“The Empire of Lights”, an iconic painting by René Magritte, was sold Tuesday evening at Christie’s in New York for $121 million, setting an auction record for the artist, in the centenary year of the surrealist movement.
After about ten minutes of battle at Rockefeller Center, the work was sold for exactly $121,160,000 (commissions and fees included), a record sum for a surrealist work, which also makes it the 11th most expensive painting in the world. history of public auctions, according to an AFP database.
This painting is part of a series of eponymous paintings by the Belgian painter (1898-1967) symbolizing the play of light and shadow that he loved. It represents the paradoxical image of a house at night, lit only by a street lamp, under a blue sky during the day.

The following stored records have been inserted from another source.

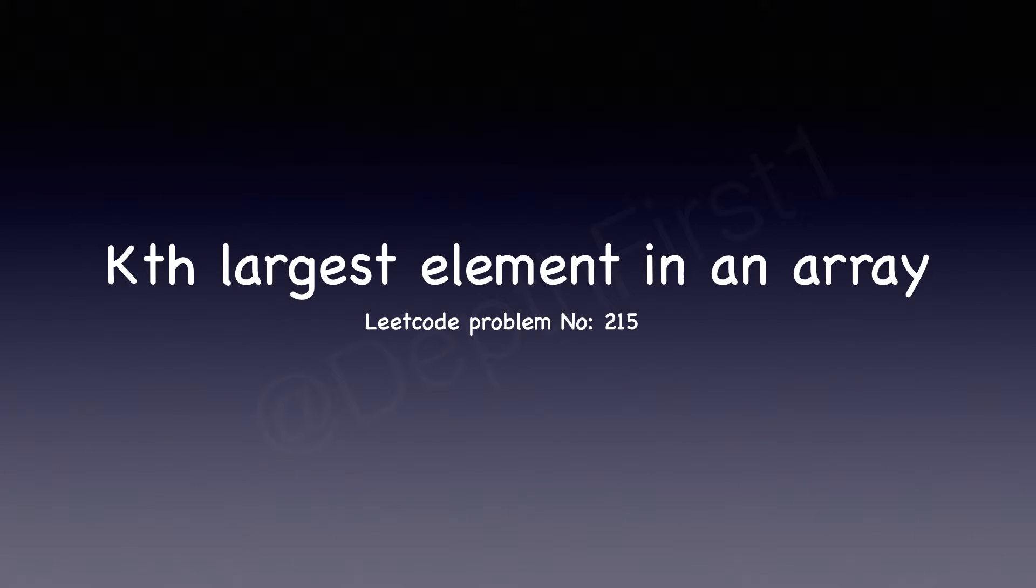Hello everyone and welcome to depth first. We will be solving this question of finding the kth largest element in an array. That is LeetCode question 215.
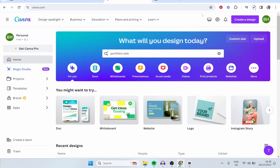In this video I'm going to show you how you can create a fully functional online portfolio website in Canva completely for free. Canva allows you to create very beautiful websites for free and I'm going to show you how right now.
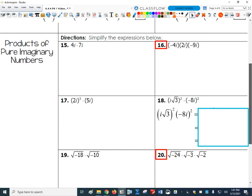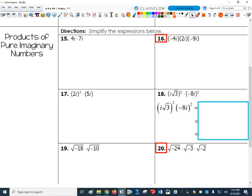Now let's look at some simple products of imaginary numbers. The trick is to think of i like an x when doing the arithmetic, and then simplify any powers of i afterward. For example, problem 16: negative 4i times 2i times negative 9i. Multiply the first pair: negative 4i times 2i gives negative 8i squared, just like negative 4x times 2x gives negative 8x squared.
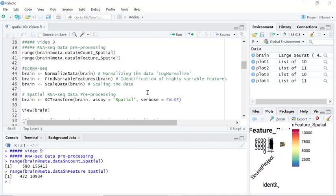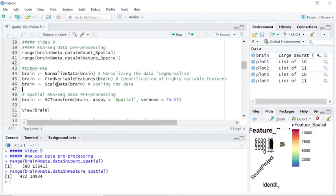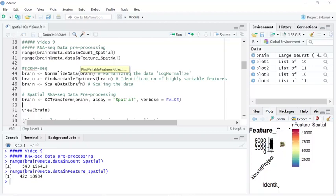The SCTransform function not only normalizes the data, but at the same time it also finds variable features and scales the data. So we just need to run one function, SCTransform, to perform data normalization, find variable features, and scale the data.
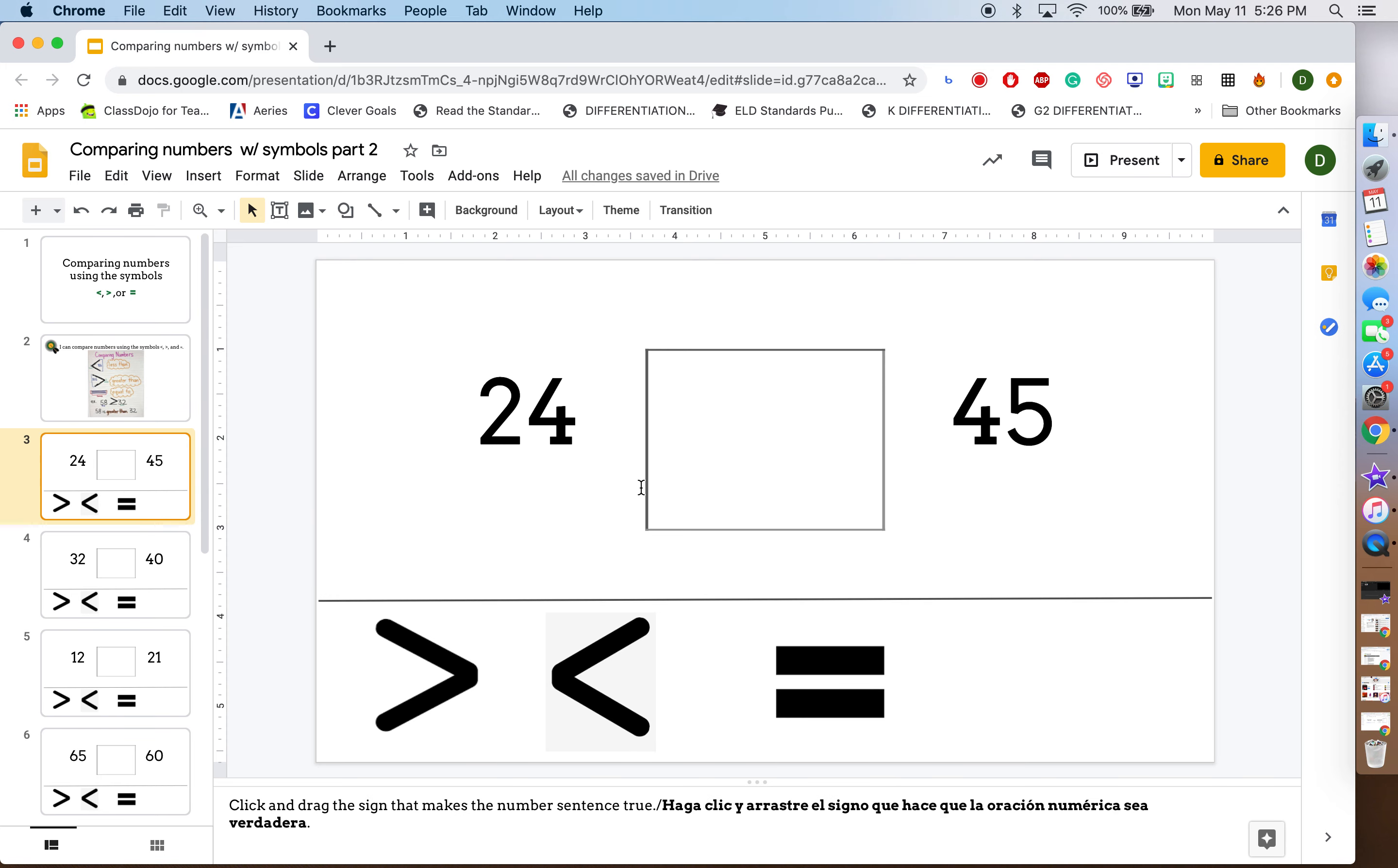I will do this first one for you. It says click and drag the sign that makes the number sentence true. This says 24 is then 45. So we have to fill in this blank with one of these symbols to make it true.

“The Empire of Lights” is a very popular Magritte subject, since four of the five paintings by the Belgian master that exceeded $30 million at auction were part of this series, according to AFP data. This was particularly the case for the previous auction record for a work by René Magritte (79 million in 2022).
The painting inspired American director William Friedkin for the famous horror film “The Exorcist” (1973). It was part of the private collection of Mica Ertegun, an interior designer who fled communist Romania to settle in the United States, where she became an influential figure in the arts world. Died at the age of 97 at the end of 2023, she was the wife of Ahmet Ertegun, the music mogul who founded the record company Atlantic Records, known for having “signed” Led Zeppelin.
The surrealist artist’s price has recently exploded according to AFP data, since his five auctions for more than $30 million have all been achieved in the last three years.
The sale of “The Empire of Lights” was expected to be a highlight of this week of fall sales in New York, while the art market has experienced a slowdown since 2023, after a record festival in 2022 emerging from the coronavirus pandemic.
Christie’s, an auction company controlled by Artémis, a holding company of the Pinault family, announced sales of $2.1 billion in the first half of 2024, down for the second consecutive year after the peak of $4.1 billion reached in 2022.
During the same evening of auction Tuesday, an Ed Ruscha painting, “Standard Station, Ten-Cent Western Being Torn in Half,” sold for $68,260,000 million, setting a new auction record for the figure still alive in American pop art (86 years old).
This is the second best auction in history for a living painter, behind “Portrait of an Artist (Pool with Two Figures)” by David Hockney (90 million in 2018).